No matter what you do, your body needs to exercise, period. Exercise helps to sustain, nourish and increase your body and mind’s capacity to function at a higher, more efficient intensity. In the workplace, and in life more generally, we are often faced with a multitude of stressors, which have the opposite effect on the body. Regular exercise helps to balance the negative impact of distress — the unhealthy stress — by imposing a eustress, which is regarded as a healthy type of stress, because it stimulates you in ways that are necessary for growth and development, mentally and physically.
What should be considered regular?
There is no blanket answer to that one, because it depends on factors that vary from person to person — the desired results, current activity levels, and schedule. I would suggest that more important than frequency itself is consistency. Whether it’s three days per week or five days per week, structured exercise regimes will far better serve you than setting unrealistic or unsustainable expectations. One of the advantages, particularly for busy and traveling executives, is that exercise now comes in so many various forms, it can be tailored to fit into literally anybody’s lifestyle. Specific equipment isn’t required, nor is a gym necessarily. You can even exercise in the comfort of your hotel room! There is no good excuse for not taking care of yourself anymore.
What are some of the more popular trends in fitness?

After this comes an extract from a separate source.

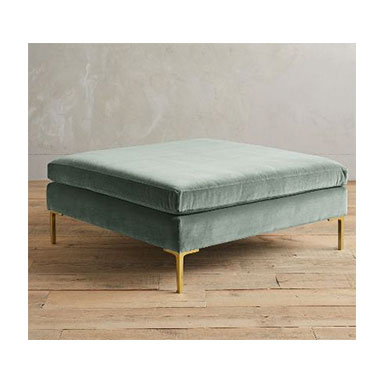 Velvet Edlyn Ottoman | ML Style | Meg Lonergan Interiors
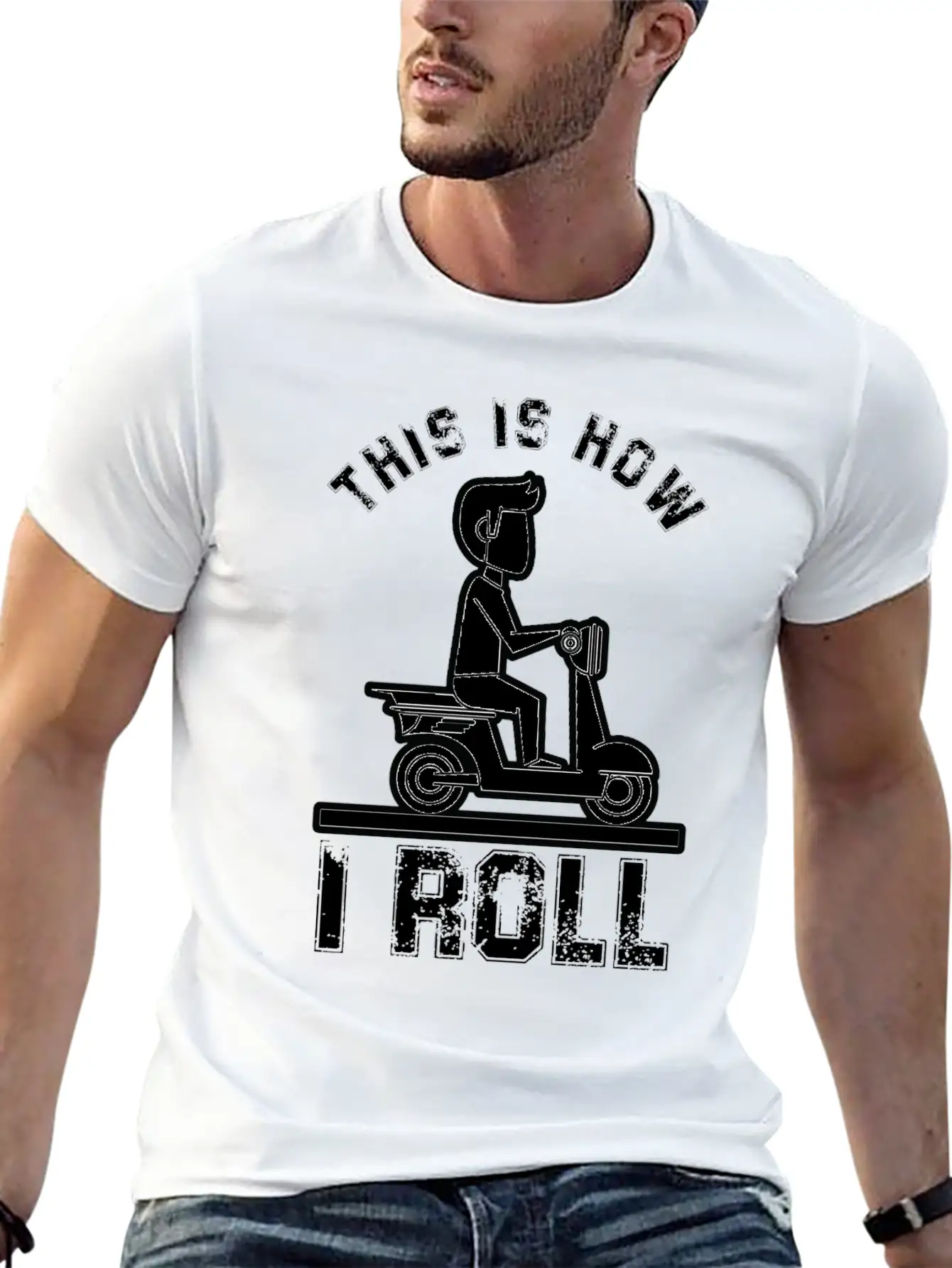 This Is How I Roll Active Unisex Casual T-Shirt – Clean Design For Daily Comfort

Yoga for both genders and all ages, as well as Cross Fit, have surged in popularity over the last few years. These offer a good spectrum of what’s ‘trending’ and each allow for customization based on flexibility, strength, and endurance in a single session — maximizing the time allotted, while hitting three major pillars of wellness. The use of online training software and apps is also on the rise due to their accessibility and how easily they ‘fit’ into changing or demanding time constraints. Although many of these ‘technological advancements’ offer quality instruction, there is no substitute for proper coaching with a professional who can watch your movements and provide feedback on safety and technique.
How do you know what type of exercise is right for you?
Assess your weaknesses within your levels of flexibility, strength, and endurance, and then prioritize your fitness plan with a higher volume of training dedicated to improving upon your weakest areas. You can do this yourself, or — better yet — seek direction from a personal trainer. From there, ask yourself what activities you will enjoy doing. If you know running is hard on your knees or hips, but you perceive your ‘weakness’ to be cardio and endurance, try swimming, an elliptical machine, or a spin bike — facilities and equipment that are reasonably available near or at every home, workplace, and hotel. Add in some variety, though, to keep it challenging and interesting in a way that keeps you coming back. It doesn’t need to be a chore for you to work out. It can be fun, too.
There will, however, be certain variances in your fitness and nutritional regimens depending on your goals. For example, if you want to lose weight, you need to burn more calories than you consume. If you want to build muscle and add mass, you will likely need to eat more calories than you burn. And if you simply want to improve your overall health, you will need a plan that incorporates elements from both outcome strategies. Even 20-30 minutes can make a life-changing difference.
Okay, I’ve made a plan, but now how do I stay motivated?
You are responsible for your own motivation and commitment to your exercise program, just like you are for everything else in your life — your relationships, your career, your finances, and every aspect in between. That will look different for all of us. Some find a workout ‘buddy’ sparks accountability, some find that buying a monthly pass to a local gym, Cross Fit, or yoga centre is the answer (financial guilt!). Others build it into their existing routine by using it as a chance to think through problems or catch up on the news. I know quite a few people who keep exercise journals, and who have joined online groups. Maybe it needs to be the first thing you do in the morning, before you become distracted with other things, or the first thing you do after work to avoid rush hour traffic. The list is endless. It may be trial and error. But whatever you do try, keep in mind it is an investment — in your health, in your quality of life, and in your future. You can only expect to see the return if you put in the time and effort.